Praktik mafia hukum dan korupsi Yudisial itu muncul karena adanya demand dan supply. Tak akan ada suap kalau tak ada penyuap dan penerima suap. Ada yang menawarkan, ada yang menerima. Tapi kalau ditolak tawarannya, maka tak akan ada suap.
Luthfi menekankan bahwa, memberantas atau mereduksi praktek suap harus dimulai dari level kepolisian, karena rekayasa perkara bisa dimulai dari tingkat penyidikan. Begitu juga “hengki-pengki” dapat juga terjadi di level Kejaksaan dan Pengadilan.
Polisi selaku penyidik, Jaksa, selaku penuntut, advokat yang membela dan hakim yang memutus sama-sama punya peran penting akan timbulnya praktek suap menyuap, dan tak kalah pentingnya adalah panitera yang menjadi penghubung antara advokat, Jaksa dan Hakim.

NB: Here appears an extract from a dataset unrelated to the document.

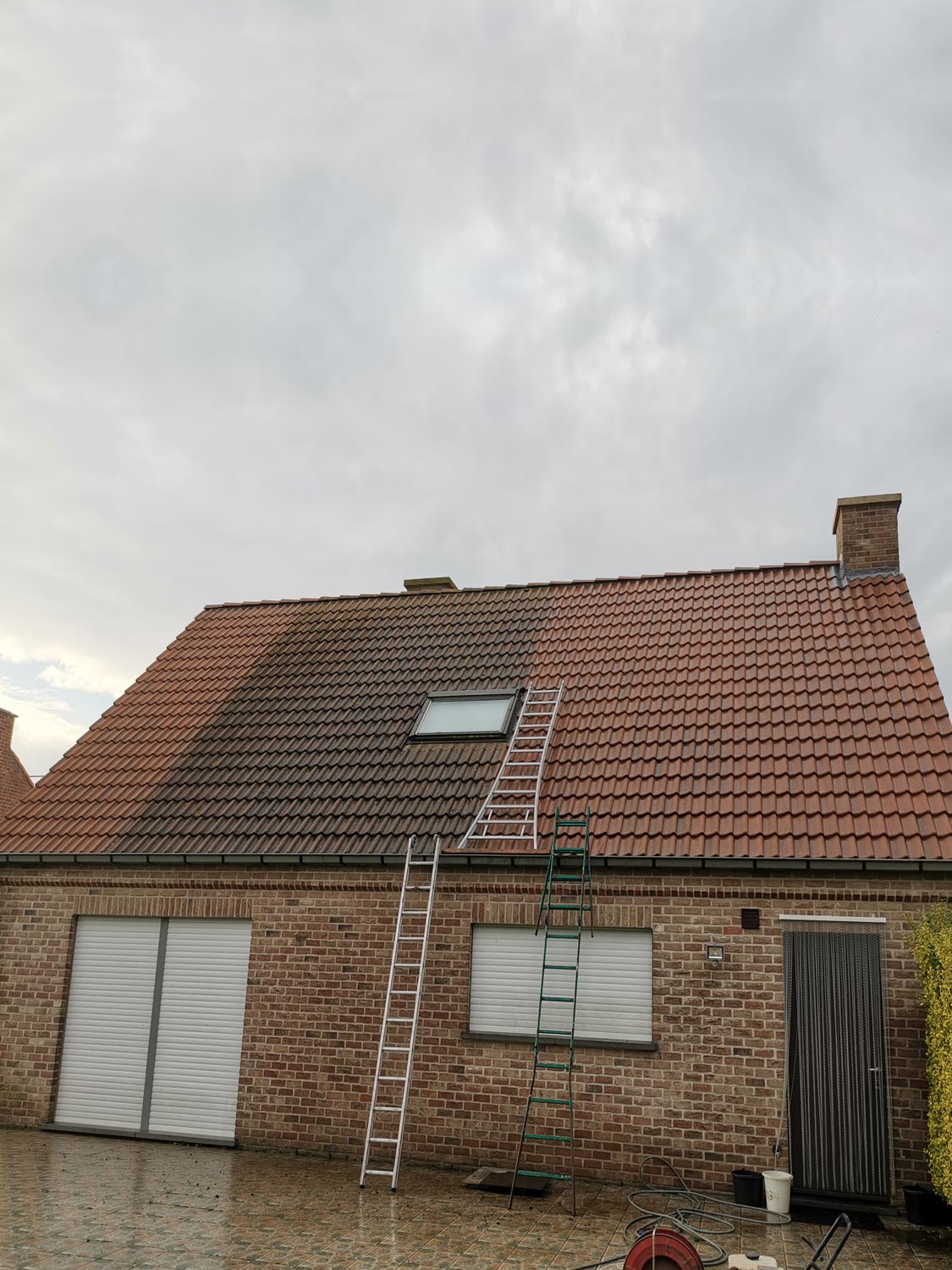 Nettoyage de toiture tuilles béton Tournai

Tapi menurut Pengacara Calon Presiden RI dalam sengketa Pilpres 2019 dan 2024 ini, Indonesia harus memiliki Undang-undang Contempt of Court (UU COC). Tidak cukup terkait penghinaan kepada lembaga peradilan hanya diatur dalam pasal-pasal terpisah dalam KUHP dan Luthfi menyayangkan sampai saat ini Indonesia belum memiliki UU Contempt of Court.